In relation to my project, I studied one of his books called, ‘Hand to Earth’. This book covers the beautifully produced sculptors he has made between 1976 and 1990. Whilst I looked through this book I found his techniques very fascinating, which generally inspired me into following some of his paths for my final piece. I could see that he particularly enjoyed the theme of holes and cracks within nature and grounds.
Partly scraped and rubbed
Holes in natural substances
As a response to one of his pieces I collected a bundle of branches and leaves in order to try and cut a whole in the centre. This was difficult because the leaves were on a table and therefore kept moving. However I think this technique was overall unsuccessful because Andy Goldsworthys’ holes looked very genuine and authentic with a proper structure of a hole. On the other hand, the hole I cut looked rather forged because I simply used a black paper underneath the leaves and the shadow lining of the leaves became easily noticed on the paper.
Horse chestnut leaves
Cambridge, England 24 July 1986
Footprint using ICT
As a response to both Goldsorthys, and Longs approach to nature, I took a photo of a shoeprint I made on mud, and a photo of small rocks from the schools Japanese garden. Using ICT, I imported the photos onto the computer and put the picture of the shoeprint on top of the pebbles as two separate layers. As an influence from Goldsworthys sculptors, I decided to set holes into the mud of the shoeprint so that almost a new dimension of the picture of the pebbles underneath would appear through the holes.

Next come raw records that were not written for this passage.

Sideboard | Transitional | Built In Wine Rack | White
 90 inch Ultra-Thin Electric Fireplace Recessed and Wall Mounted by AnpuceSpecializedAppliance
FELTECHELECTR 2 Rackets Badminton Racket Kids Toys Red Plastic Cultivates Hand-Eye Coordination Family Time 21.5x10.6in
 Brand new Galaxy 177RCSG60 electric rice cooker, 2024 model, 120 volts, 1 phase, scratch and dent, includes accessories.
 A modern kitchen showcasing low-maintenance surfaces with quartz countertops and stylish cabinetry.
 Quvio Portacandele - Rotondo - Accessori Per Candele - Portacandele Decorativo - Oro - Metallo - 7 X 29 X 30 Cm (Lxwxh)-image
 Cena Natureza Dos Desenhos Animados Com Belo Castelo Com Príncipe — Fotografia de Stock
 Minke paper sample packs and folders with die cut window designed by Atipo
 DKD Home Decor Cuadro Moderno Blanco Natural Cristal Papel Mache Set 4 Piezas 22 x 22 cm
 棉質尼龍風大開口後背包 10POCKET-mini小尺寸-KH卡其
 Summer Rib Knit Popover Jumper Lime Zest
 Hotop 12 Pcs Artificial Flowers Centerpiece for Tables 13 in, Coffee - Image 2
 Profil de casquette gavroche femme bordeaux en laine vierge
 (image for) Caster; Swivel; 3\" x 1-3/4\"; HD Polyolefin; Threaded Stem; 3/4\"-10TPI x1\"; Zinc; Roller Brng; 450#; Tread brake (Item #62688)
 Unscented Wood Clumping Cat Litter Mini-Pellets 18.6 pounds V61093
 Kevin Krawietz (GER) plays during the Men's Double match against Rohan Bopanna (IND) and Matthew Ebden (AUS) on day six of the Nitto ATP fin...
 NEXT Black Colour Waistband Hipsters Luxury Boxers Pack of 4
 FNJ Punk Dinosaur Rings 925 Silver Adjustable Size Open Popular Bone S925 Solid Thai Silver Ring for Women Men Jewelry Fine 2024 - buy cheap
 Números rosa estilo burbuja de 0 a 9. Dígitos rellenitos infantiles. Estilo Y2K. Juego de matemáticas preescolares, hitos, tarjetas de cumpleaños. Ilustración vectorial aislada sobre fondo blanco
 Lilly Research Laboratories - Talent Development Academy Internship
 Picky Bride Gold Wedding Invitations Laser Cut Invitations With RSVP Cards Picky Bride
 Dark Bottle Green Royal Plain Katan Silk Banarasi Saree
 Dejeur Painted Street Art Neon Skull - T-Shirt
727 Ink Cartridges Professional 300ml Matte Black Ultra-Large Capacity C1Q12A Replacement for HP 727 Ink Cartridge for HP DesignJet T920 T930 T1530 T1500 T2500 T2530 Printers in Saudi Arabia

This would be interesting because you do not expect to see a footprint made on pebbles. I approached this effect by using a dissolve and liquefy tool on Adobe photoshop. Luckily this was successful and the holes were large enough for the pebbles to be seen underneath. The reason why I liked this piece was because both photos were primary; the footprint particularly associates with Longs sculptures, and the artificial holes I set in the mud shows a form that Goldsworthy uses in his sculptures.
Another sculpture Goldsworthy produced was a trench he had dug up using clay supported with sticks over two days and showed Earth brought to an edge. Again I really liked this idea because the whole idea of holes links in well with them theme of underneath simply because a hole on the ground is underneath and underneath again. As a response I took a picture of large stones on the ground covered with cracks, and by photocopying this image to a larger scale, I split the rocks in two separated grounds to make it look as though they are also brought to an edge.
After researching and studying his sculptures, I came to a personal conclusion about them that the use of holes in the ground (or nature in general) was to disconnect and separate nature. Also to show nature and Earth being disturbed by humans. After deducing this, I decided to experiment with some of my own ideas about humans disturbing the nature of things.
I started off by collecting organic stones and began painting them with gold paint. I used gold because it is particularly attractive and shiny. In addition I am showing the contrast between Richard Longs very natural and subtle sculptures as oppose to Goldsworthys’ use of artificial and unexpected colouring onto Earth materials and manipulated landscape. He has done this with sticks, leaves and even stones (I have included some examples). This also links with surrealism and the way the artists show things that we don’t expect to see.
Experiment with Golden Stones
Furthermore I used these painted rocks to construct a curved shape on the grounds of the school where students pass the most and watched to see what would happen. Funnily enough I saw that it caught most peoples attention that passed by them. It took less than a minute for children passing by to kick the rocks about and pick them up to play with, which shows how attention grabbing the artificial colouring onto natural matter can be. However this was not the case with the unpainted stones I used to put in the school simply because they may have come across less attractive everyday rocks.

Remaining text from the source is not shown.